Bank Indonesia mengenakan tarif 0,3% bagi pelaku usaha mikro yang menggunakan Standar Indonesia Quick Response Code alias QRIS mulai Sabtu (1/7) lalu. Pedagang membayar tarif ini untuk setiap transaksi barang dan jasa.
Sebelumnya, bank sentral telah dua kali memperpanjang relaksasi tarif untuk usaha mikro. Angka itu 0% hingga 30 Juni 2023. Untuk usaha non mikro, bank sentral mengenakan tarif 0,7%.
Menurut juru bicara BI Erwin Haryono, pendapatan dari tarif itu untuk mengganti biaya investasi dan operasional yang dikeluarkan promotor QRIS. Pihak-pihak ini termasuk penyedia layanan pembayaran dan penukaran.
BI berharap pedagang tidak terus menaikkan tarif ke konsumen ini dengan menaikkan harga. Peraturan Bank Indonesia Nomor 23 Tahun 2021 tentang Standar Sistem Pembayaran Nasional juga melarang hal tersebut.

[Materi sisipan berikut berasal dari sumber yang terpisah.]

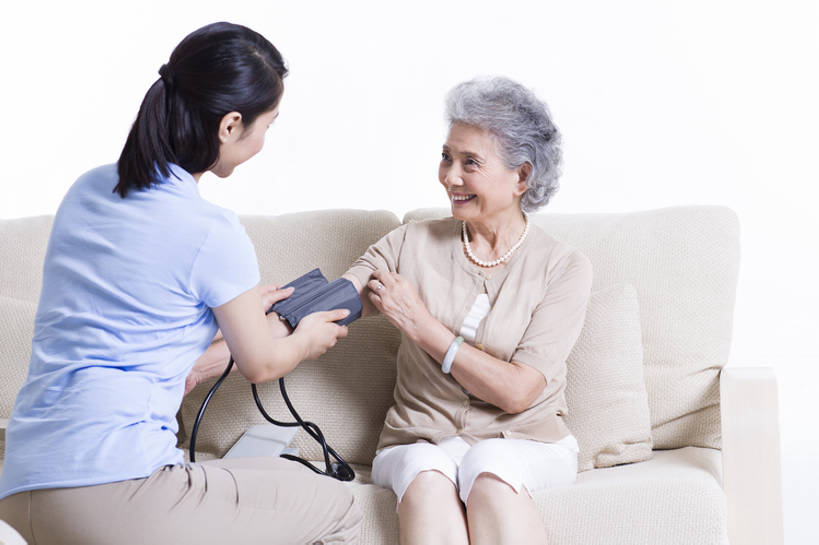 东方人,成年人,老年人,头发,两个人,医生,病人,护士,笑,微笑,露齿笑,横图,室内,留白,抠图,白色背景,正面,快乐,幸福,技术,沙发,北京,中国,亚洲,检查,测量,休闲装,背面,白色,医疗用品,医护人员,医疗人员,职业,保养,面对面,亲密,服务,护理,保健,摄影,名牌,生活方式,技巧,看护,支撑,体检,医疗,疾病,血压计,享乐,白衣天使,脆弱,关爱,手艺,医疗器械,医疗工具,高血压,东亚,陪同,疗养院,责任,技能,技艺,陪伴,信任,老年女性,年轻女性,女人,女性,亚洲人,中国人,年轻人,大夫,坐着,彩图,影棚拍摄,欢乐,妙技,收容所,本领,家庭护理,体格检查,伴随,bj175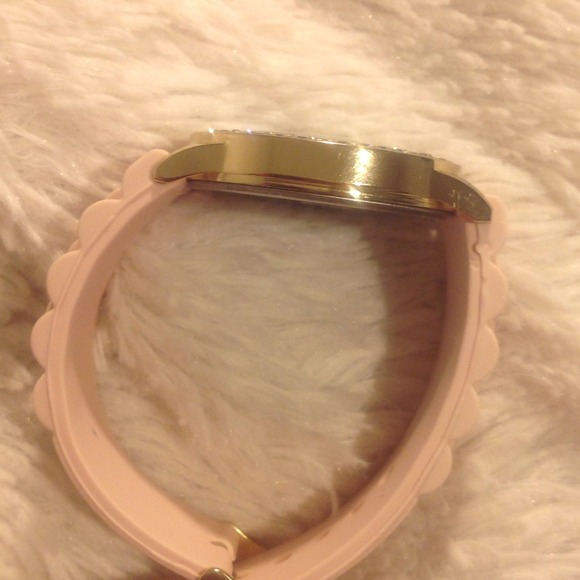 💋LAST CHANCE💋  Gorgeous Love Infinity Watch - Picture 3 of 4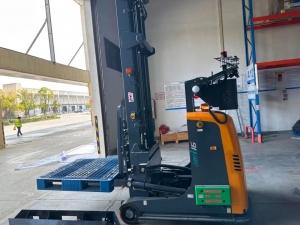 案例丨8米智能仓储更优解 众仓前移式AMR重塑高位货架仓储效能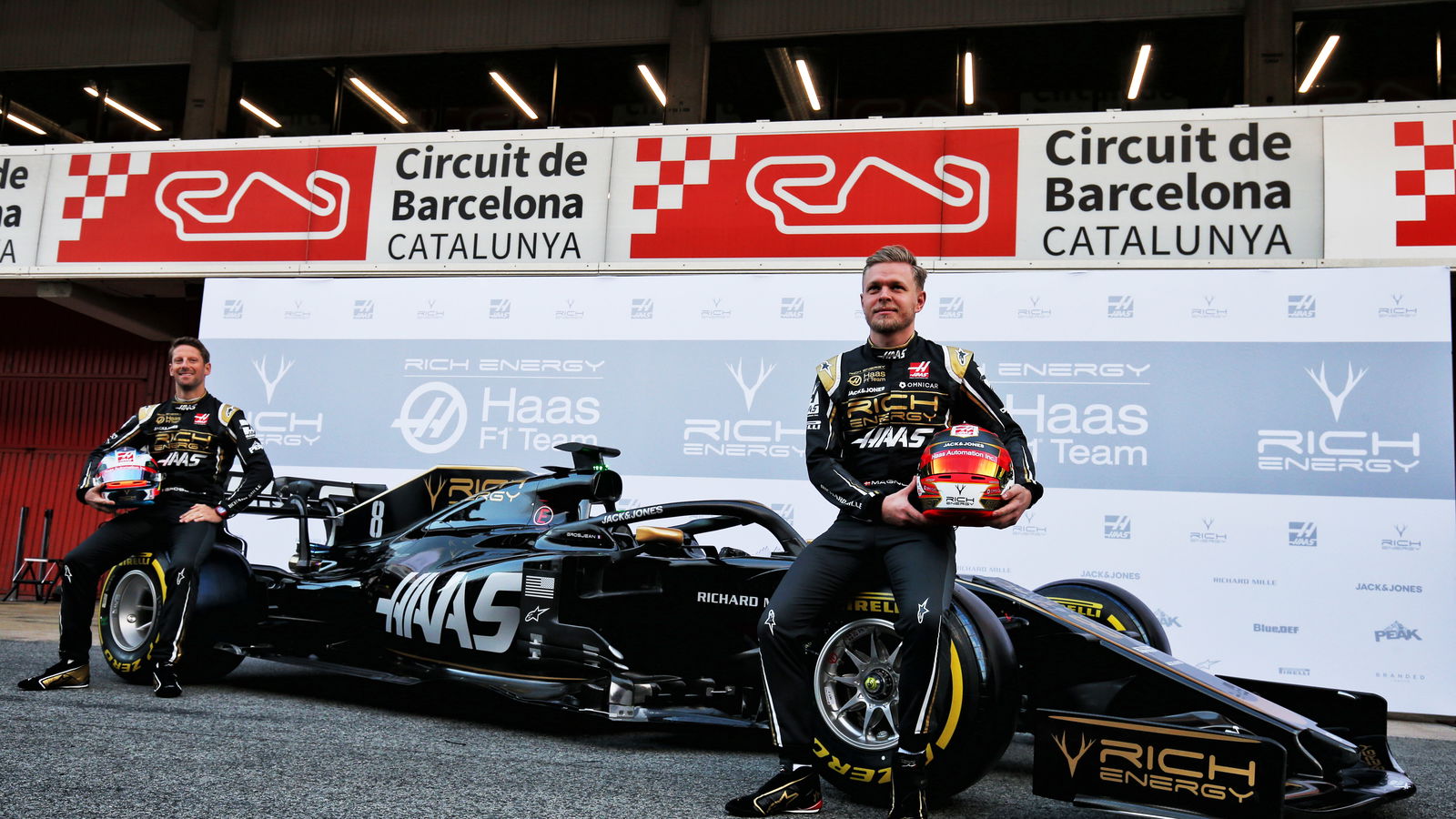 Haas joins Alfa Romeo with pitlane launch for 2020 F1 car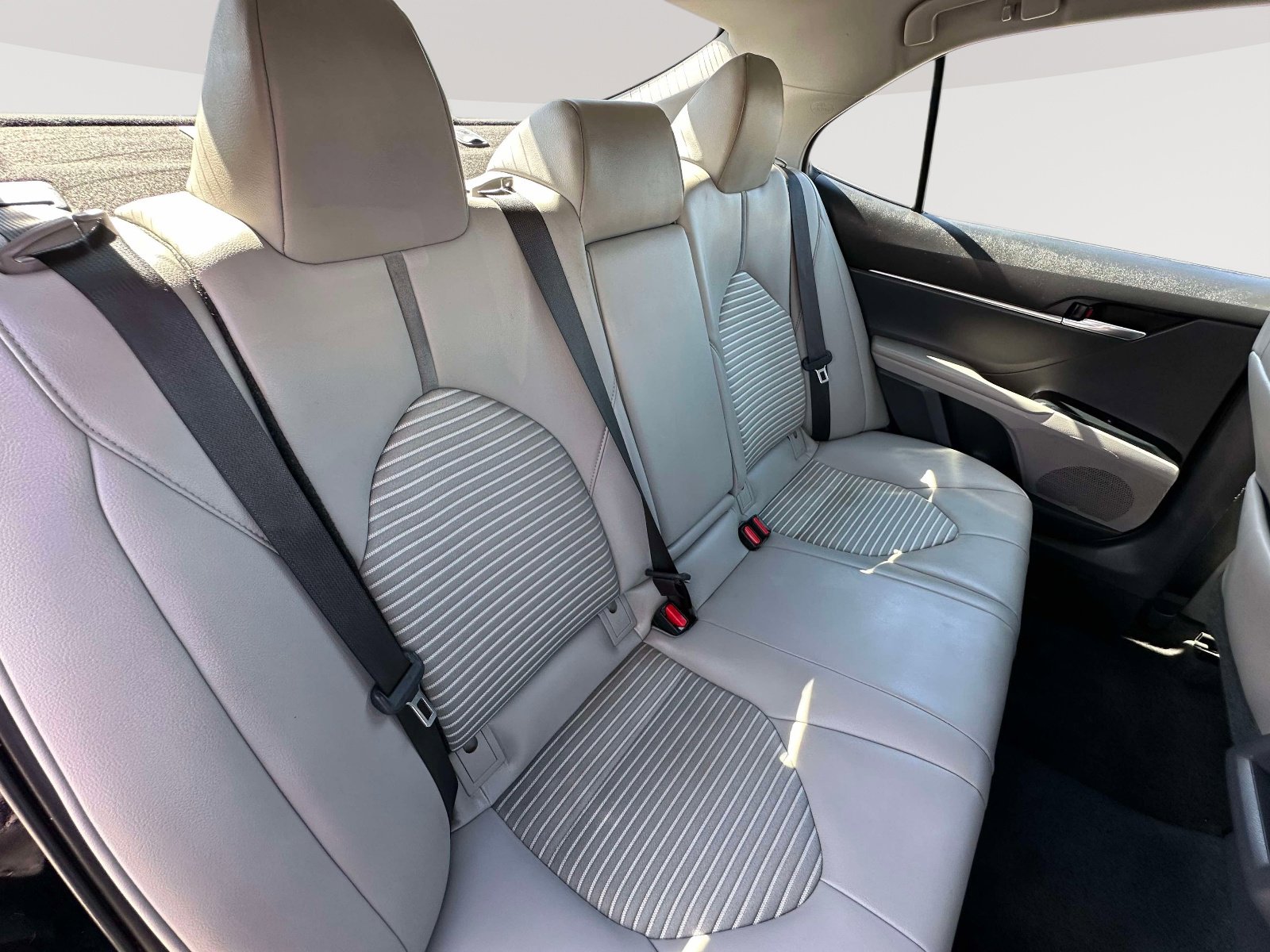 Used 2020 Toyota Camry SE image 24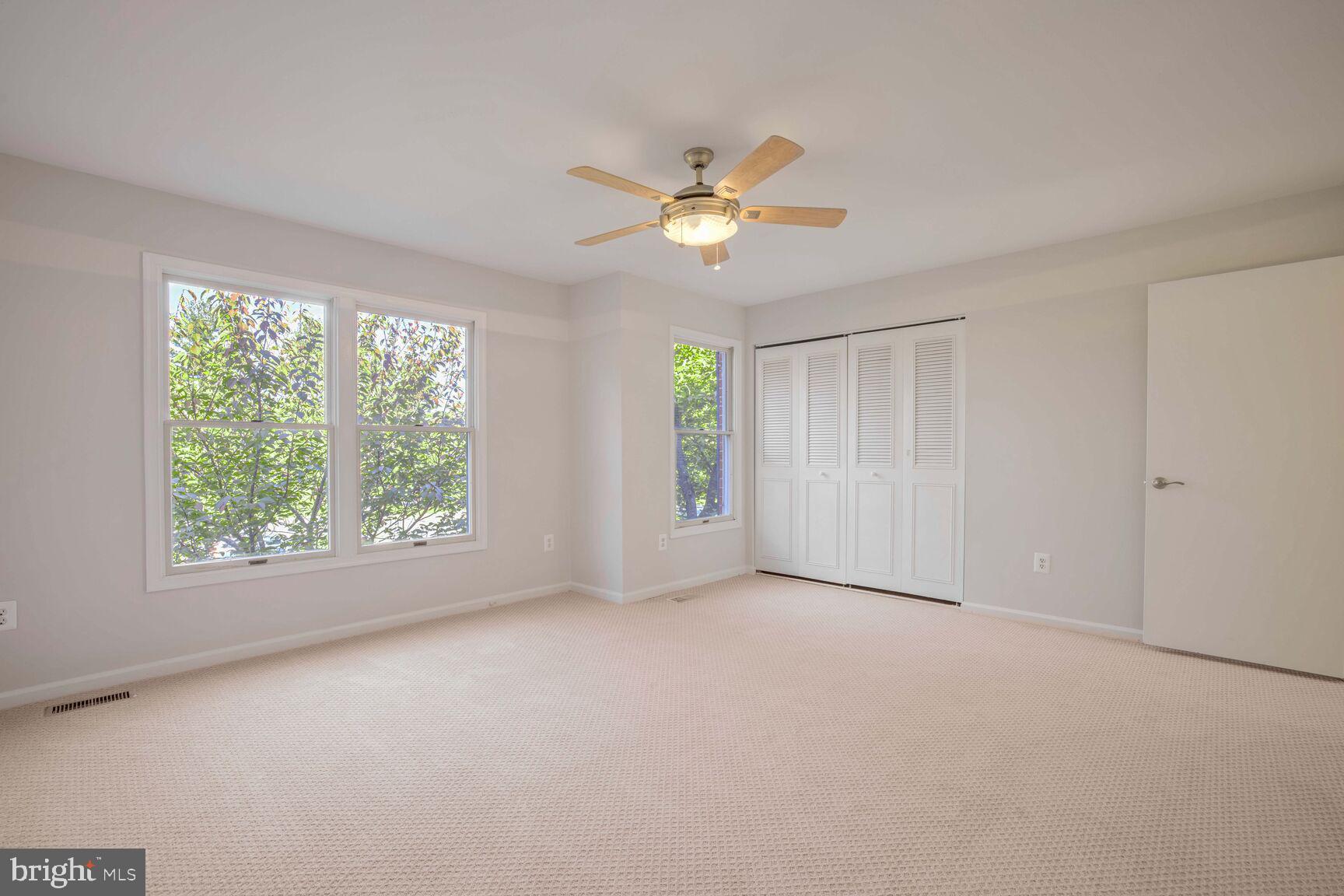 14905 Forest Landing Cir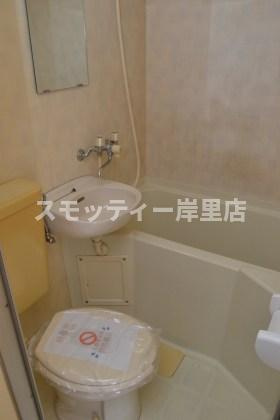 アベニューフロベールの浴室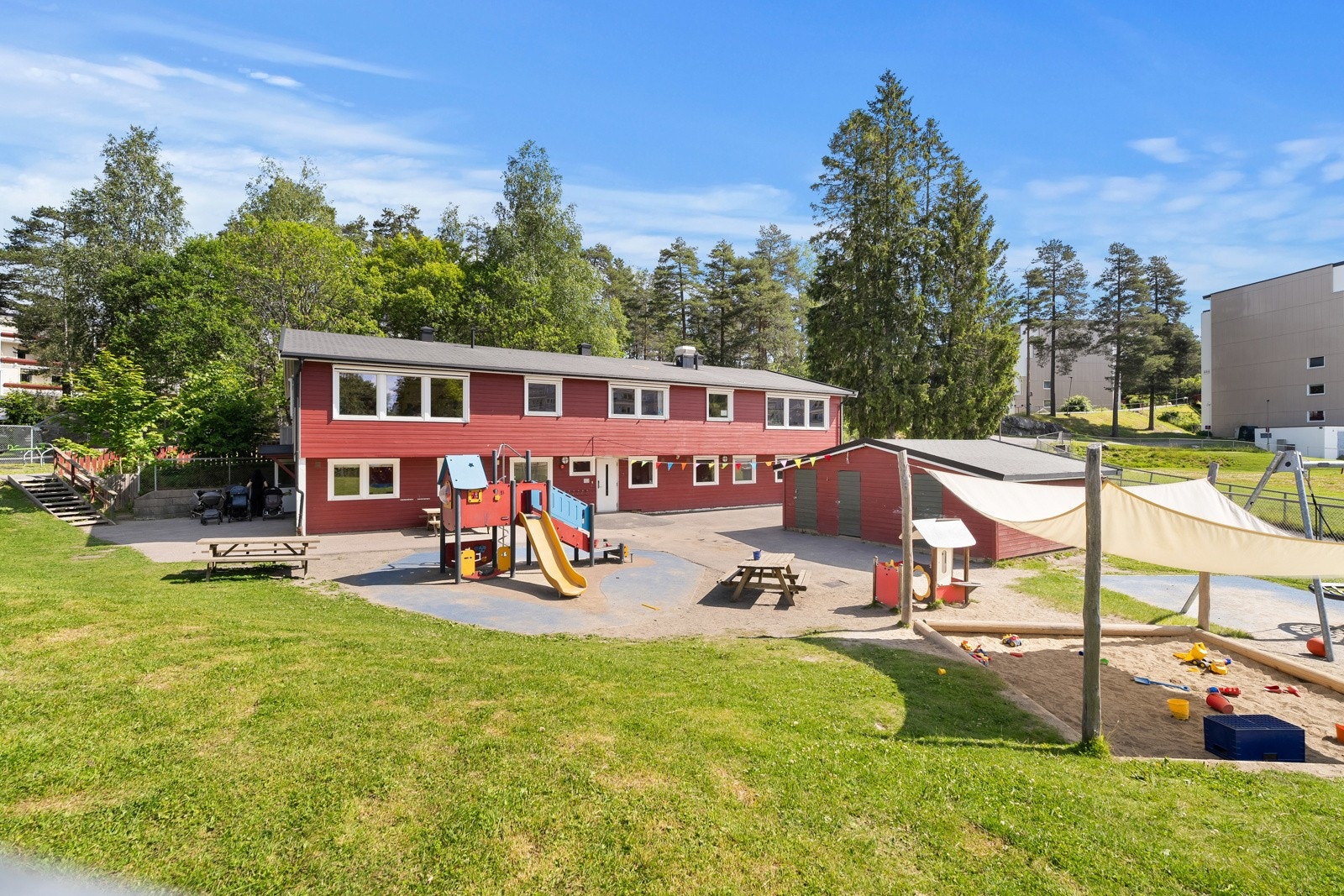 Fra leiligheten er det ca. 6 minutters gange til Vestli barneskole. For elever i ungdomstrinnene er det ca. 15 min til Tokerud ungdomsskole. Det finnes flere videregående skoler i nærliggende områder, samt et godt utvalg av barnehager Galleribilde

“Penerapan merchant discount rate atau MDR QRIS bagi pelaku usaha mikro dilakukan untuk menjaga kesinambungan ekosistem pelayanan dalam jangka panjang,” kata Erwin dalam keterangannya, Rabu (5/7).
Target transaksi QRIS di Maluku Utara (ANTARA FOTO/Andri Saputra/aww.)
Mulai dari Kode QR yang Berbeda
BI meluncurkan QRIS pada 17 Agustus 2019, bertepatan dengan hari ulang tahun Indonesia ke-74. Bank sentral baru mengimplementasikan layanan pembayaran ini pada 1 Januari 2020 untuk memfasilitasi persiapan penyelenggara jasa sistem pembayaran (PJSP).
Peluncuran QRIS merupakan bagian dari pencapaian Visi Sistem Pembayaran Indonesia atau SPI 2025. BI meluncurkan visi tersebut sekitar tiga bulan sebelum merilis layanan pembayaran kepada masyarakat.
Dalam peluncurannya, Gubernur Bank Indonesia Perry Warjiyo mengatakan, QRIS yang mengusung semangat SUPERIOR (Universal, Simple, Profitable and Direct) ini bertujuan untuk mendorong efisiensi transaksi, mempercepat inklusi keuangan, memajukan UKM dan lebih mendorong pertumbuhan ekonomi, untuk Indonesia Maju,” tulis BI dalam siaran pers yang dipublikasikan pada 17 Agustus 2019.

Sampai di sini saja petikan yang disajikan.